Stored items:
####################
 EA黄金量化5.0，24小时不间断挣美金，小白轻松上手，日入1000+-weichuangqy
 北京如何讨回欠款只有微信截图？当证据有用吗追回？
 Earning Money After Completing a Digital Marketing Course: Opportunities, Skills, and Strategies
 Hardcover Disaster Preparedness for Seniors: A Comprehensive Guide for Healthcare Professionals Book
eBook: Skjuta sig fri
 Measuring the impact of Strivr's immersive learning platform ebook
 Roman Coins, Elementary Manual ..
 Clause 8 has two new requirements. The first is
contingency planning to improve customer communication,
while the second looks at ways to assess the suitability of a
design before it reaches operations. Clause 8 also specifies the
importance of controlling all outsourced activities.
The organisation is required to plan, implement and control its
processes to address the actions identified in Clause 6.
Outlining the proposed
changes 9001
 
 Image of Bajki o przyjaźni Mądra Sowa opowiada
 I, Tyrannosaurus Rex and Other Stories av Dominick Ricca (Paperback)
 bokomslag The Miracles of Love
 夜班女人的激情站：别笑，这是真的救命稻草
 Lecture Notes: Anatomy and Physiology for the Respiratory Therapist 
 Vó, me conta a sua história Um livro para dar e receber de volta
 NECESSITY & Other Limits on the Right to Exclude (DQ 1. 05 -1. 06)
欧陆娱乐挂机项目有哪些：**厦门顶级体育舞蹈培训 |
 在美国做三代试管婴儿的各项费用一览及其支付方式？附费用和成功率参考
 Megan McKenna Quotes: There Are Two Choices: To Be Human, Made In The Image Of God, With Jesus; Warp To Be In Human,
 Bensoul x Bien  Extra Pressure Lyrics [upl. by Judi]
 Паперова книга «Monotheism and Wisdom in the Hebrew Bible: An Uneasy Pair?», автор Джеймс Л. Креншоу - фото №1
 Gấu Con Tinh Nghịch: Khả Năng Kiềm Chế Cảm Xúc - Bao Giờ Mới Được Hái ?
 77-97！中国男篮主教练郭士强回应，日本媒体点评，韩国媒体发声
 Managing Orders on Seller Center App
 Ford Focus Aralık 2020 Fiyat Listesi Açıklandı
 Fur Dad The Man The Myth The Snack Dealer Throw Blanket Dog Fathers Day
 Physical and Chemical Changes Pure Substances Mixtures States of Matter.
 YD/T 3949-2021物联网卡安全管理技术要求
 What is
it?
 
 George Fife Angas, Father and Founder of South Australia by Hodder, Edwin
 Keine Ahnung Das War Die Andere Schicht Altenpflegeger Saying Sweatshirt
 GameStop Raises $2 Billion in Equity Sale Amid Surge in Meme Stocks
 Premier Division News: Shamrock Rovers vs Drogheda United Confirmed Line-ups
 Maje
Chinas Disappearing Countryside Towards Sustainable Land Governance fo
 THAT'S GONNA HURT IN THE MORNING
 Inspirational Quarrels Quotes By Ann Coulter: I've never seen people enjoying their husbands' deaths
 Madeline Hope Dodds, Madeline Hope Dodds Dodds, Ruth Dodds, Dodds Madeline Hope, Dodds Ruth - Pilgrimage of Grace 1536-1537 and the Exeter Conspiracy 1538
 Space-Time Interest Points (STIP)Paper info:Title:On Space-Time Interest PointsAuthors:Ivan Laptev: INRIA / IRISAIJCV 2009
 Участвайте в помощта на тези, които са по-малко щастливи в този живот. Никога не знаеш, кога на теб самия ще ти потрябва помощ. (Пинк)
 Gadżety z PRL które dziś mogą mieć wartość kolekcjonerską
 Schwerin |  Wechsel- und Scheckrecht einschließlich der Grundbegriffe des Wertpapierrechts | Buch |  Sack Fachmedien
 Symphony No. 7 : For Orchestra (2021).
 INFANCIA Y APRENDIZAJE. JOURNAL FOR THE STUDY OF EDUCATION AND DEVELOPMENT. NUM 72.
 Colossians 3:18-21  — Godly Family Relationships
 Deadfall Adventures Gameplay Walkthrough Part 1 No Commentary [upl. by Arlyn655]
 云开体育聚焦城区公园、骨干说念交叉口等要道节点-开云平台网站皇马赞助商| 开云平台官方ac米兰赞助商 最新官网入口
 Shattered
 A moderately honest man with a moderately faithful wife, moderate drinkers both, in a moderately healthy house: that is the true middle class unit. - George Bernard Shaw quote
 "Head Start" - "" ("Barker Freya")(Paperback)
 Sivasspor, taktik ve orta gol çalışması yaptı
####################
With the line containing "Symphony No. 7 : For Orchestra (2021)." as the first and the last line above as the final one, copy those lines exactly and no others.

* Output of the task *
 Symphony No. 7 : For Orchestra (2021).
 INFANCIA Y APRENDIZAJE. JOURNAL FOR THE STUDY OF EDUCATION AND DEVELOPMENT. NUM 72.
 Colossians 3:18-21  — Godly Family Relationships
 Deadfall Adventures Gameplay Walkthrough Part 1 No Commentary [upl. by Arlyn655]
 云开体育聚焦城区公园、骨干说念交叉口等要道节点-开云平台网站皇马赞助商| 开云平台官方ac米兰赞助商 最新官网入口
 Shattered
 A moderately honest man with a moderately faithful wife, moderate drinkers both, in a moderately healthy house: that is the true middle class unit. - George Bernard Shaw quote
 "Head Start" - "" ("Barker Freya")(Paperback)
 Sivasspor, taktik ve orta gol çalışması yaptı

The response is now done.